一番楽々とやっているのはクロエだった。クロエの魔法属性は『炎』で炎の帯が体中を走り回っている。まるで見世物のような技術だと思う。


次に上手いと見えたのはアビーさんで魔法属性『風』のためか両手だけでなく飾りのように幾つかの風の玉が浮いていた。他の人達は魔法発動に気を取られて『魔力纒』が解けたり、一つは良くても2つ目の魔法発動をしようとして『魔力纒』が解けたりしている。

みんな苦労して居るが魔法を発動するのが楽しそうだ。あたしも2つ目の水玉を出せた所で左右の掌を水が行ったり来たりするように魔法発動が次第に出来てきた。楽しいね、これ。笑みが浮かんで来るのも仕方ないと思う。

瞬く間に時間が来て終わりの鐘が鳴った。各々魔法発動と『魔力纒』を解く。楽しかった分とても疲れた。

バージル先生が明日はもっと難しい『身体強化』に挑戦して貰うので各自自習をするようにと一言追加した。


クロエはあれだけの魔法を使っていながらあんまり疲れていなそうだ。一緒に帰ろうと言うので帰りながら『魔力纒』のコツの話やあの炎の帯の作り方の話をする。

やっぱり掃海士という魔物を狩る仕事を任されるだけあってクロエは凄いと思う。あたしもハンターの仕事に魔力を使ってみたいな。今はスキルのお陰で魔物を狩っているだけだからこそハンターとして未熟さを感じる。


エライザ学園の寮の自室に戻ると今日はリリスお姉ちゃんが帰っていた。

「図書館はどうだった?」


と聞かれ、あっと思い出した。時間があったら行ってこようと思っていたけど『魔力纒』の実践が楽し過ぎて忘れていた。

「じゃないかと思って借りてきて置いたわよ」


リリスお姉ちゃんは図書館から神話に関する本を数冊見繕って借りて来てくれていた。

「ありがとう、リリスお姉ちゃん!」


あたしはリリスお姉ちゃんに抱きついた。

「ほらほら、本は後でゆっくり読めば良いから夕食に行きましょ」


クリーンの魔法で体から埃を払ってからリリスお姉ちゃんの後を追った。

夕食のメニューはお肉がゴロゴロ入ったシチューとまるパンなのに少し堅い石窯パンを食べた。

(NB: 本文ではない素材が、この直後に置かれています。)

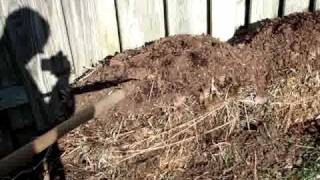 Straw Bales for Gardening Prepare them for Winter [upl. by Cowles]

飲み物は薄めた赤ワインだ。石窯パンは堅かったがシチューに付けて食べると意外と食べやすく、途中で追加を貰った。ついでに隠れて影の世界へしまってしまう。


食事の後はリリスお姉ちゃんとお風呂に入って昨日のように『魔力纒』の話をするとリリスお姉ちゃんが面白いものを見せてくれた。濡らした体の状態で『魔力纒』を行い、石鹸を肩に乗せると魔法を発動したのだ。

リリスお姉ちゃんの魔法で石鹸が動き出し、体中を這い回る。見ているとふしぎなアメ光景だったがリリスお姉ちゃんは気持ち良いらしい。

「へぇ~、リリスお姉ちゃん面白い!」


楽しいお風呂の後はリリスお姉ちゃんが借りてきた本を読むお勉強の時間だ。